Mirosław Kachniewski prezes zarządu, Stowarzyszenie Emitentów Giełdowych
Niejednokrotnie słyszy się opinię, że innowacyjność to klucz do przyszłego rozwoju, że nie potrafimy wypracowywać innowacyjnych rozwiązań, a nawet jeśli nam się to uda, to nie potrafimy tej innowacyjności skomercjalizować. Pojawia się zatem pytanie, czym tak naprawdę jest innowacyjność i czy rzeczywiście jest z nią u nas tak źle?
Nowości w życiu codziennym
Przywykliśmy myśleć, że innowacyjność kojarzy się z nowymi technologiami, z konkretnymi branżami: informatyką, bioinżynierią, czy podbojem kosmosu. Jednocześnie zdajemy się nie zauważać innowacyjności, która otacza nas w życiu codziennym: płatności komórką, skanowanie wizytówek z wbudowanym zdjęciem zamiast żmudnego wymieniania się kartonikami i przypominania sobie z trudem, kto jest kim. Nawet jeśli smartfon jeszcze sam nie wiąże krawatów, to na pewno potrafi nam wyświetlić stosowną instrukcję. Po prostu XXI wiek pełną gębą.

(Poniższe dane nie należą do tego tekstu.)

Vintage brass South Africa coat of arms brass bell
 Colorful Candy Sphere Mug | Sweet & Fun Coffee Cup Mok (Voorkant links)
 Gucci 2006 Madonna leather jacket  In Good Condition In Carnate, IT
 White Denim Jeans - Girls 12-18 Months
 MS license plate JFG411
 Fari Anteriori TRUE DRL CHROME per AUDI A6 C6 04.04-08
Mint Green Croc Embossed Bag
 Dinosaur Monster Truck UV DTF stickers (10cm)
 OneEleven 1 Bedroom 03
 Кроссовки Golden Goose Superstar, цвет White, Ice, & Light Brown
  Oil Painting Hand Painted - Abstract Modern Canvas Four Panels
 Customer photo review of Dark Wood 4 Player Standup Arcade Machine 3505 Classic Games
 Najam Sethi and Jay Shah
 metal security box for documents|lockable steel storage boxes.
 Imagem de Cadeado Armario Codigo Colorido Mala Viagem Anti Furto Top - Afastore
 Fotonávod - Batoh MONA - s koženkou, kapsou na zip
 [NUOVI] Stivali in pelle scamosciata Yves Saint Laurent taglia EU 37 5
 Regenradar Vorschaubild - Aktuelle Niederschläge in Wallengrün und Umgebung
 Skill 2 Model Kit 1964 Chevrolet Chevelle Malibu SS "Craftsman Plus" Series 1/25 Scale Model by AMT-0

Podobnie jest w życiu codziennym przedsiębiorstw – przecież firma, która nie jest innowacyjna, nie miałaby szans przetrwać na rynku. O innowacyjności spółki stanowi bowiem nie tyle produkt końcowy, ile cały proces dochodzenia do tego produktu. Innowacyjność to produkcja, badania, dostawy, sprzedaż, dystrybucja, zarządzanie kadrami i wiele, wiele innych. Proces produkcyjny, nawet w branżach postrzeganych zazwyczaj jako „tradycyjne" (by nie rzec staroświeckie), jest dziś na wskroś nowoczesny – naszpikowany elektroniką, optymalizowany przez bezlitosne systemy komputerowe, przez co maksymalizowana jest wydajność przy jednoczesnej minimalizacji ryzyka błędu. Ponadto, przedsiębiorstwa nie skupiają się jedynie na swojej głównej działalności – dążenie do minimalizacji kosztów i rosnące wymogi odnośnie ochrony środowiska sprawiają, że wygrywają firmy, które w procesie produkcji potrafią wykorzystać odpady jako surowce, poszerzając w ten sposób paletę produktów i konkurując na nowych rynkach.
Reklama cię znajdzie
Choć sprzedaż już dawno z rzemiosła przerodziła się w sztukę, to i na tym polu widzimy wiele innowacyjnych rozwiązań, a w przyszłości zobaczymy jeszcze więcej. Marketing prowadzony jest z wykorzystaniem nowych technologii i technik – to już nie tylko wykorzystanie mediów społecznościowych, aplikacji na smartfona czy grywalizacji. Reklama jest obecnie bardzo mocno spersonalizowana zarówno asortymentowo, jak i „geograficznie" – potrafi nas np. odszukać w supermarkecie, oferując produkty, którymi jesteśmy zainteresowani. W ogóle marketing jest na tyle wdzięczną dziedziną dla innowacji, że każde nowe rozwiązanie jest dobre (choćby obiektywnie było złe), bo powoduje, że o nowej strategii dotarcia do klienta (a zatem – pośrednio – także o produkcie) dużo się pisze i mówi.